━━ Data to examine ━━

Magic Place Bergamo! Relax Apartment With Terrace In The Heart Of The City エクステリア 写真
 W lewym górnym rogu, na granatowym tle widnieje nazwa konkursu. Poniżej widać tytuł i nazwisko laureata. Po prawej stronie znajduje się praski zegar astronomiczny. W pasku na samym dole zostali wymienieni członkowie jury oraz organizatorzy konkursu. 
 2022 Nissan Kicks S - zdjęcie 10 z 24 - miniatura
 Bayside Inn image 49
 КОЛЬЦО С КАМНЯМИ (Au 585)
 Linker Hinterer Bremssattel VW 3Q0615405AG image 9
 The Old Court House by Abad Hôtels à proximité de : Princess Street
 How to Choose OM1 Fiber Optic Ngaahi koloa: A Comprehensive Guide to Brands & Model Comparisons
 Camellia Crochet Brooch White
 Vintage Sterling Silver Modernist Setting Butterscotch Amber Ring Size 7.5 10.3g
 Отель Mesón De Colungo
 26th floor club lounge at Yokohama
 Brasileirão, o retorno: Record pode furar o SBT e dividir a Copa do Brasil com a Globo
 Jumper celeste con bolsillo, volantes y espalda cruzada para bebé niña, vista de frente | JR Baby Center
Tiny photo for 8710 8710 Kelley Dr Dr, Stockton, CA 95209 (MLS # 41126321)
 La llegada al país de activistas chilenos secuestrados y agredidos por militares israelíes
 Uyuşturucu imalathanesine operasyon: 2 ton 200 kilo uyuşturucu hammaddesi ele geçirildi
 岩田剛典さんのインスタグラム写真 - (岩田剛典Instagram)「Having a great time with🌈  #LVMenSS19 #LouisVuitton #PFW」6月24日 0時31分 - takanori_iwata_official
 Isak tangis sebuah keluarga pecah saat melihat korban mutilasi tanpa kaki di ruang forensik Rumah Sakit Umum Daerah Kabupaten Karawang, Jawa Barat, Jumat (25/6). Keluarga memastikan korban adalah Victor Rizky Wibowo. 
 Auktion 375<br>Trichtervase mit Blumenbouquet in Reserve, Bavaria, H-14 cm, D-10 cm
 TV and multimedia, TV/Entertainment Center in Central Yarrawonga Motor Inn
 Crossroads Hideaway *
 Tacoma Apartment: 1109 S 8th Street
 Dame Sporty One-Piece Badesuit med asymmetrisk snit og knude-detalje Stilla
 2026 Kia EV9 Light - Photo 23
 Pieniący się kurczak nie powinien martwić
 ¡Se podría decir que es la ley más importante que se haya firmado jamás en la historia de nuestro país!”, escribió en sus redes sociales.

━━━

#### Your objective
Count each line of the listing above in which "Center" appears, and give that count with nothing added.

#### Exercise answer
2